• _Description of the task_
When the line containing "Camicia Tortora In Lino Regular Fit" appears in the entries below, begin printing there and stop after the line containing "Tie Dye Two"; print each of those lines exactly and no other line.

• _Data listing_
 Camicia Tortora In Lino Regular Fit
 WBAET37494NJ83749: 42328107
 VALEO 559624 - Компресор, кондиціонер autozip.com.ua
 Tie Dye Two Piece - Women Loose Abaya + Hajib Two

--

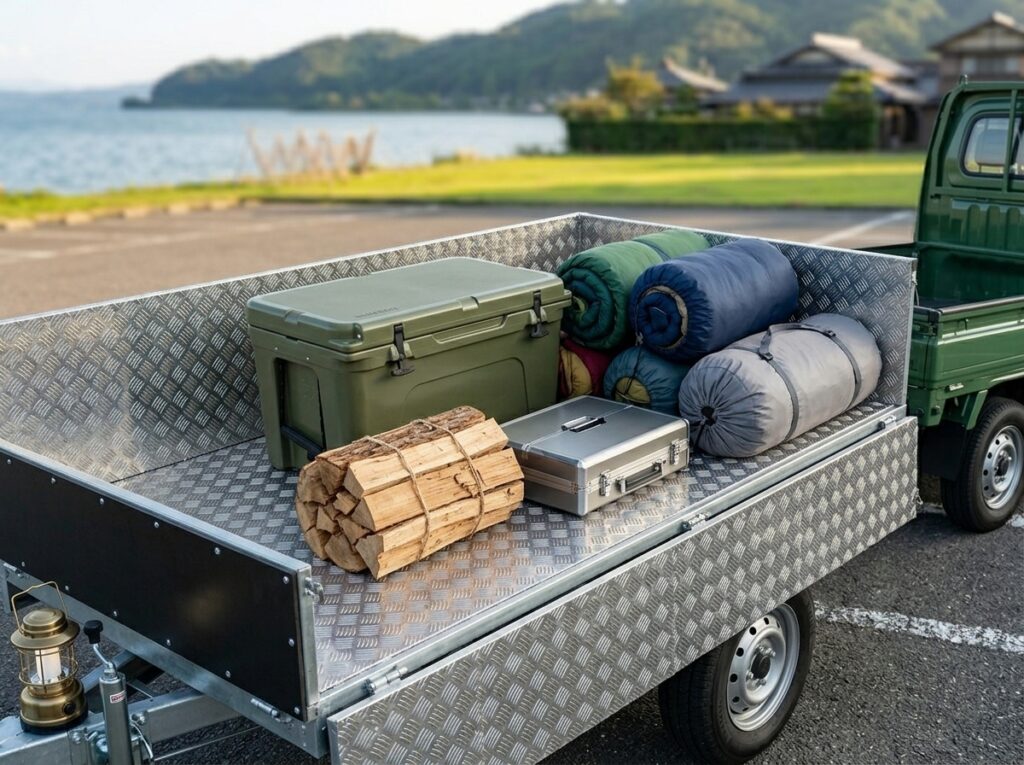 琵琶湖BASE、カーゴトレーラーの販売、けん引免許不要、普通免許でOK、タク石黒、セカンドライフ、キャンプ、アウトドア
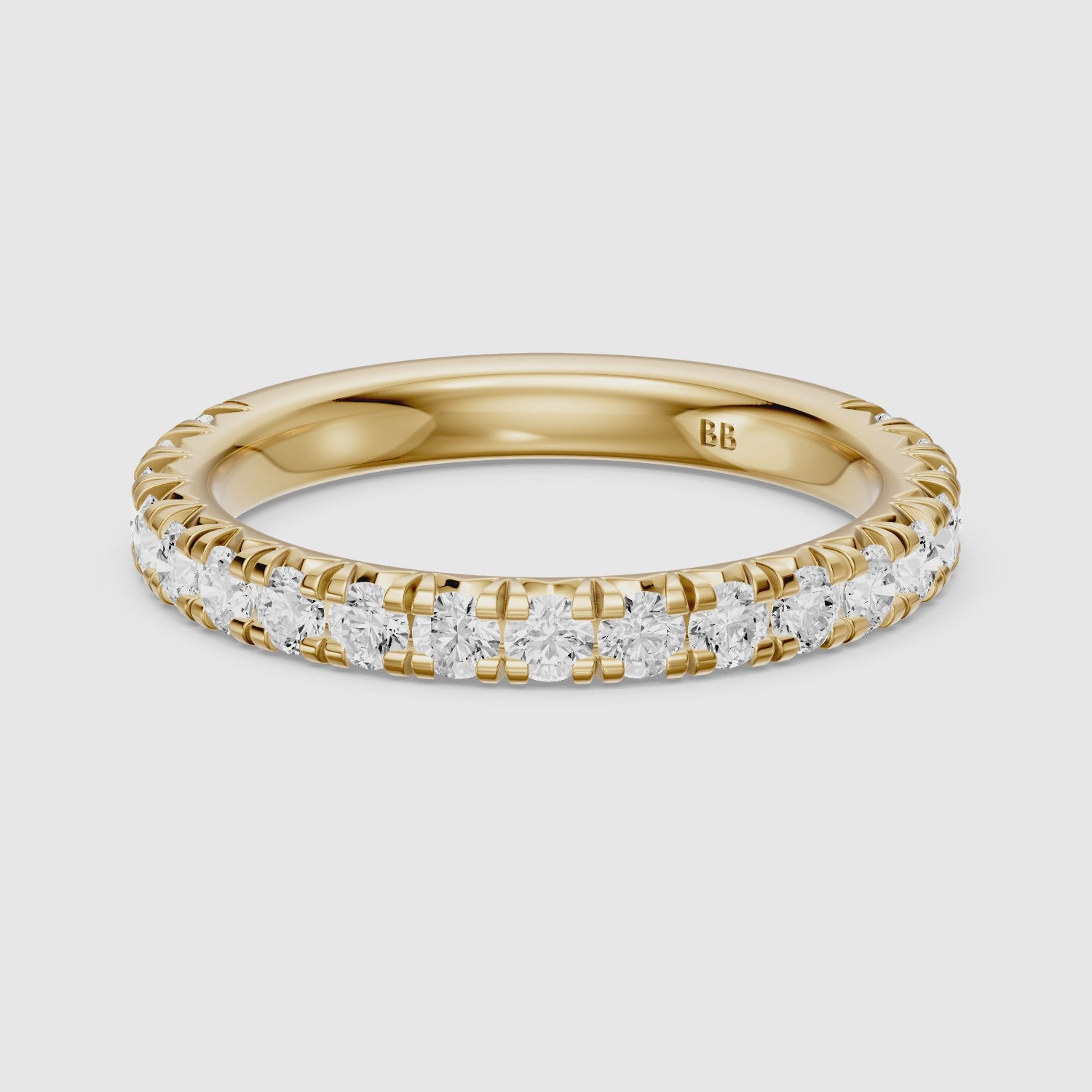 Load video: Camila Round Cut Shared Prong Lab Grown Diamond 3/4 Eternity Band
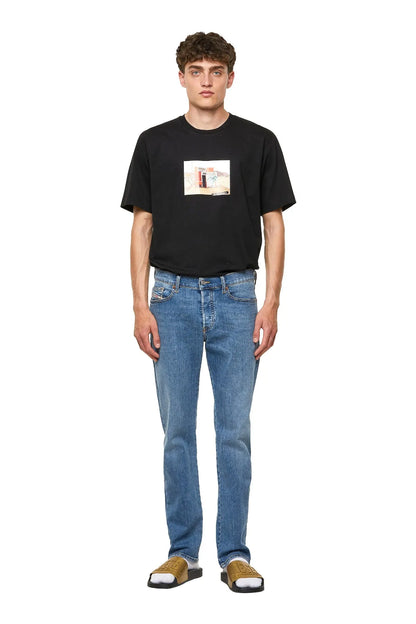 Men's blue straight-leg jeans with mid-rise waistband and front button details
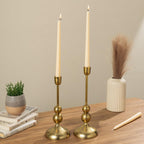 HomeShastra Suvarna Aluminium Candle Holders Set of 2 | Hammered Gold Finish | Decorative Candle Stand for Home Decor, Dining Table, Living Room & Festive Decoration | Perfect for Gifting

• _Response for this exercise_
 Camicia Tortora In Lino Regular Fit
 WBAET37494NJ83749: 42328107
 VALEO 559624 - Компресор, кондиціонер autozip.com.ua
 Tie Dye Two Piece - Women Loose Abaya + Hajib Two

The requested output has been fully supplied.